〈関東大震災朝鮮人虐殺100年〉国会で追及つづく
2023年11月21日 11:00 歴史関東大震災時の朝鮮人虐殺を巡り、日本政府に対する国会議員らの追及が続いている。
9日の参議院法務委員会では、松野博一官房長官が「政府内に事実関係を把握できる記録が見当たらない」(8月30日)と表明したことについて、社会民主党の福島みずほ議員が質問した。福島議員は、当時の中国人虐殺に関する文書が、外務省外交史料館に公文書として残されていることについて確認したうえで、先の松野官房長官の発言は「虚偽ではないか」と問いただした。これに対し、小泉龍司法務大臣は、「(発言は)従前からの政府見解を述べたものと認識している。法務大臣としてもこれと同一の見解であり、それ以上の評価、所感を述べることは困難」だと、論点をすり替え回答した。

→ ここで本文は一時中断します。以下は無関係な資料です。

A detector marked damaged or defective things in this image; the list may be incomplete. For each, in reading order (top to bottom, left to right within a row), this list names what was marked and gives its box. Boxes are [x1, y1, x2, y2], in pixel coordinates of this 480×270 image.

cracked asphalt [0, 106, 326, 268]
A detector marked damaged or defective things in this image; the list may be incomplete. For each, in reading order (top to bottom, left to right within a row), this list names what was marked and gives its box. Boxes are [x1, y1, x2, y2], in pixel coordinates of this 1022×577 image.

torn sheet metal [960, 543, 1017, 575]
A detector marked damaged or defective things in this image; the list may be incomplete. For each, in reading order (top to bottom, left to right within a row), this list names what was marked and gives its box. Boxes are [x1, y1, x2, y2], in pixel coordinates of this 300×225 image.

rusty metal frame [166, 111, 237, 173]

また福島議員は、今年9月、市民団体が公開した資料についても言及。これは、当時の朝鮮人虐殺の状況を内務省へ報告した神奈川県作成の文書とみられるもので、同資料の存在を知っているかとの福島議員の問いに、政府担当者は「各省が管理する文書ではないため確認していない」と居直った。

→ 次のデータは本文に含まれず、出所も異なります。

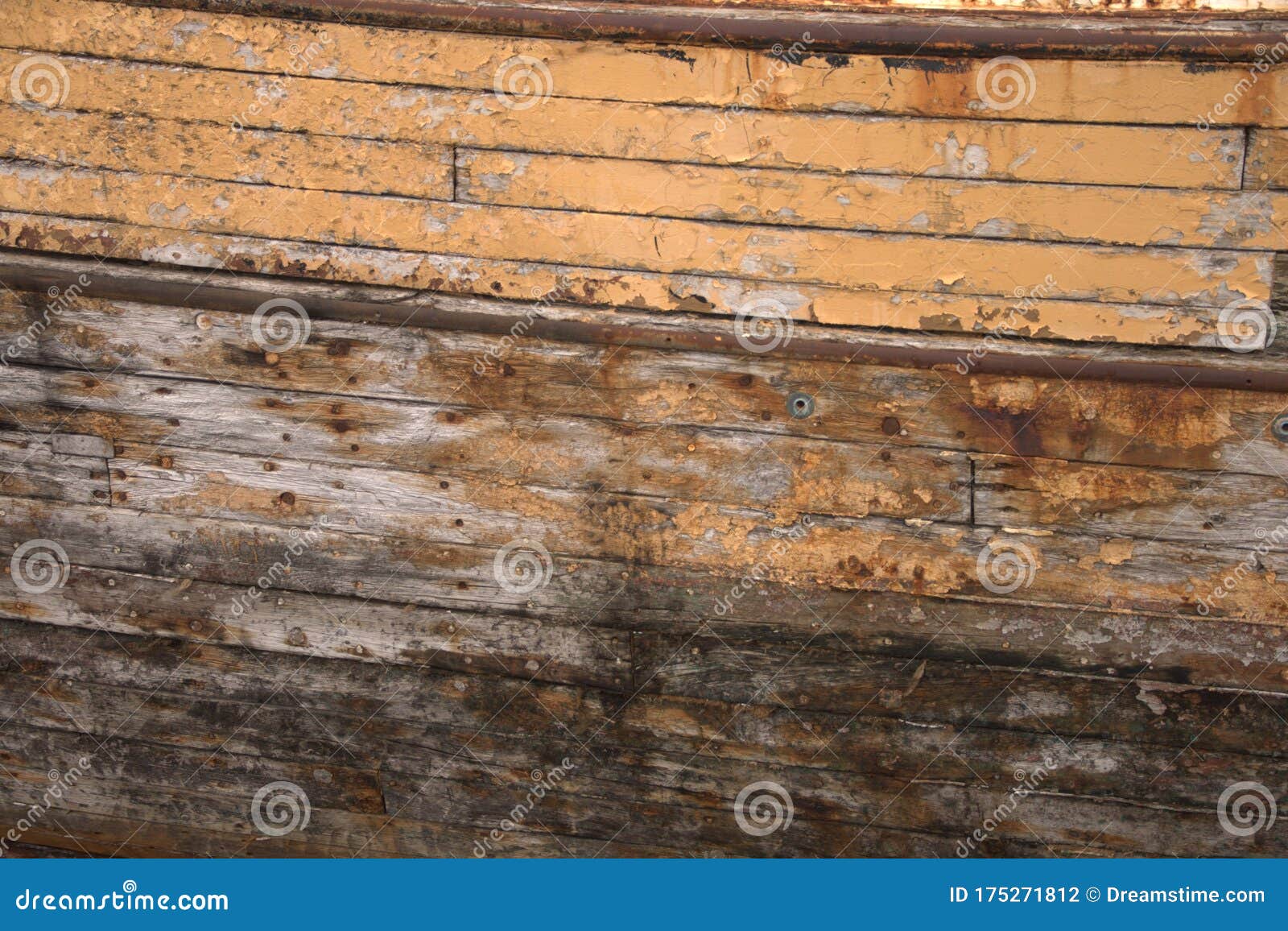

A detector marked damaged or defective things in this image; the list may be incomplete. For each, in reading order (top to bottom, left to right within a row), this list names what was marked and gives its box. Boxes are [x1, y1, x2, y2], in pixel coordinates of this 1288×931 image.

rusty metal strip [110, 0, 1288, 60]
rusty metal strip [5, 254, 1282, 391]
rusted rivet [782, 389, 814, 417]
rusted rivet [1267, 412, 1288, 443] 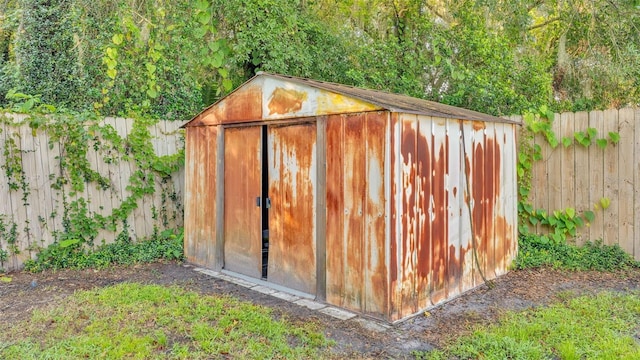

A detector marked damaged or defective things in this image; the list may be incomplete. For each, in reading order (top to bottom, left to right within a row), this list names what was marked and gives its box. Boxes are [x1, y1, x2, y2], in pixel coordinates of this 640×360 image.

rust stain on metal wall [268, 87, 308, 114]
rust stain on metal wall [268, 122, 318, 294]
rusty metal shed [181, 71, 520, 322] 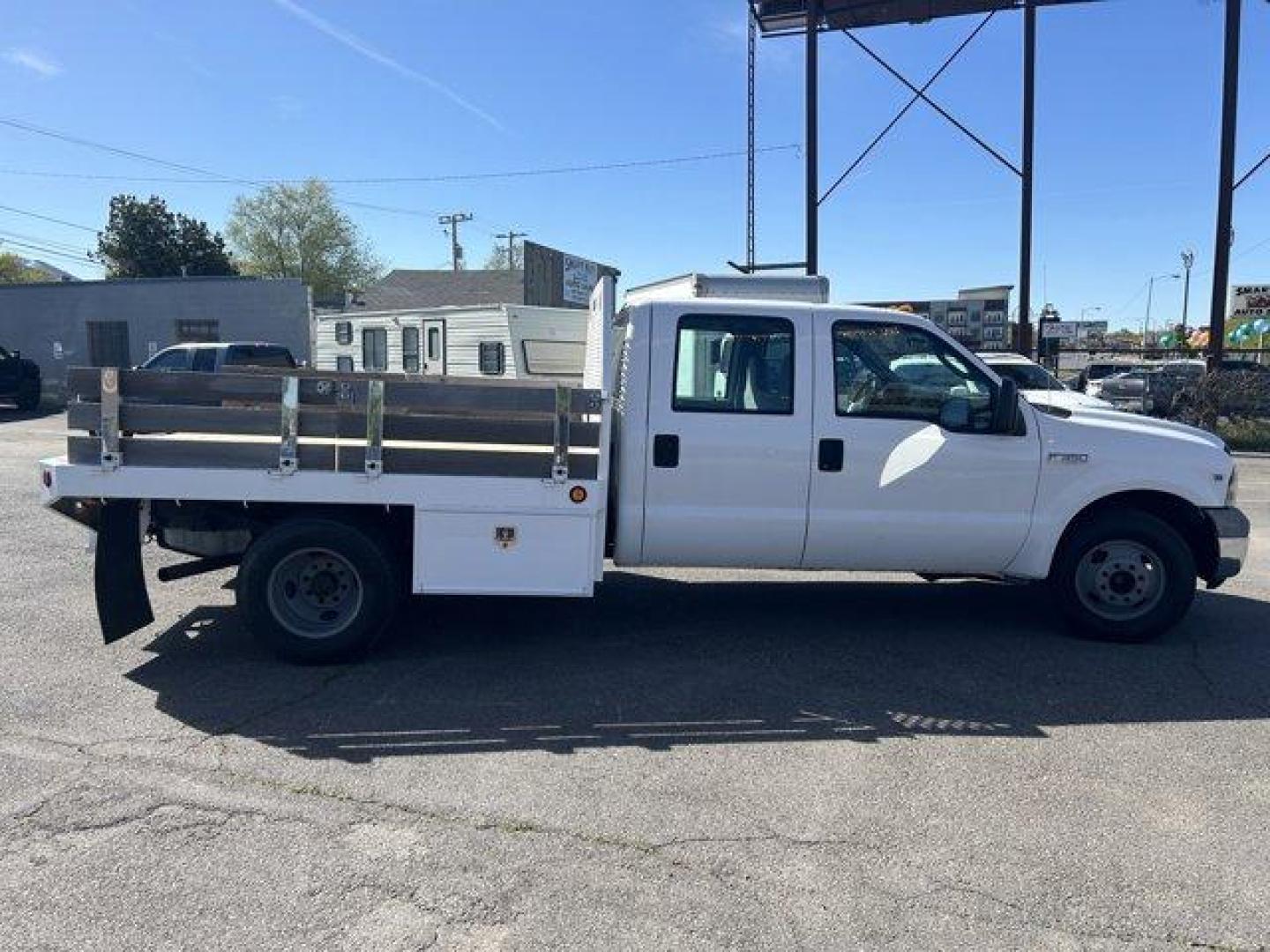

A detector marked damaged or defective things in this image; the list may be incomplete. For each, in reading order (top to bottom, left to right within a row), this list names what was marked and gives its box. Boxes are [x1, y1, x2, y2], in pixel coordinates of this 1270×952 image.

cracked asphalt pavement [2, 411, 1270, 952]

また同日の参議院内閣委では、立憲民主党の石垣のりこ議員が質疑を行い、虐殺の事実をうかがわせる国立公文書館所蔵の内閣閣議決定文書について、答弁の場で「政府としてその事実内容がわからない」と表明した官房長官および国家公安委員長に対し「閣議決定文書を認めないというのは大問題ではないか」と非難した。
17日には、同様の質疑が参議院災害対策特別委員会であった。立憲民主党の杉尾秀哉議員の追及を受け、政府関係者は、100年前の虐殺発生当時、警察を所管した内務省警保局長が、地方長官宛に送った電信文(防衛省防衛研究所)など、各省庁に保管されている資料を、公文書管理法上の「特定歴史公文書」にあたると認定した。これは、後世へ歴史を伝えるための重要な文書として、原則、永久保存を基本とする文書だ。
朝鮮人虐殺を示す資料を「特定歴史公文書」と認めながらも、事実関係やその内容には言及できないとする日本政府の対応に対する非難が高まっている。